Structures of a lipin/Pah phosphatidic acid phosphatase in distinct catalytic states reveal a signature motif for substrate recognition

Lipin/Pah phosphatidic acid phosphatases (PAPs) are Mg ²⁺ -dependent enzymes that catalyze the dephosphorylation of phosphatidic acid (PA) to produce diacylglycerol. Deficiency of lipin PAP activity in humans results in inflammatory disorders such as rhabdomyolysis and Majeed syndrome. Previously, we reported the first PAP enzyme structures of Tetrahymena thermophila ( Tt) Pah2 at 3.0Å resolution. Here, we present five new higher resolution (1.95-2.40Å) structures of Tt Pah2, in distinct catalytic states, which represent active states of catalysis, including a phospho-Asp transition state mimic, and an inactive state with a distorted active site.

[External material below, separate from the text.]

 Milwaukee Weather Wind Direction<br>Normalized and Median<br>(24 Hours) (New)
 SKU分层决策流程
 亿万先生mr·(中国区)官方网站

The structures, in conjunction with flexible docking simulations and biochemical analysis, connect two highly conserved aspartate and arginine residues in magnesium coordination and recognition of the substrate PA. Overall, this provides a structural basis for catalysis and defines a signature Asp-Arg motif in lipin/Pah PAPs that enables recognition of their lipid substrate PA, providing insight into how the HAD domain of lipin/Pah PAPs evolved to act on a membrane embedded substrate.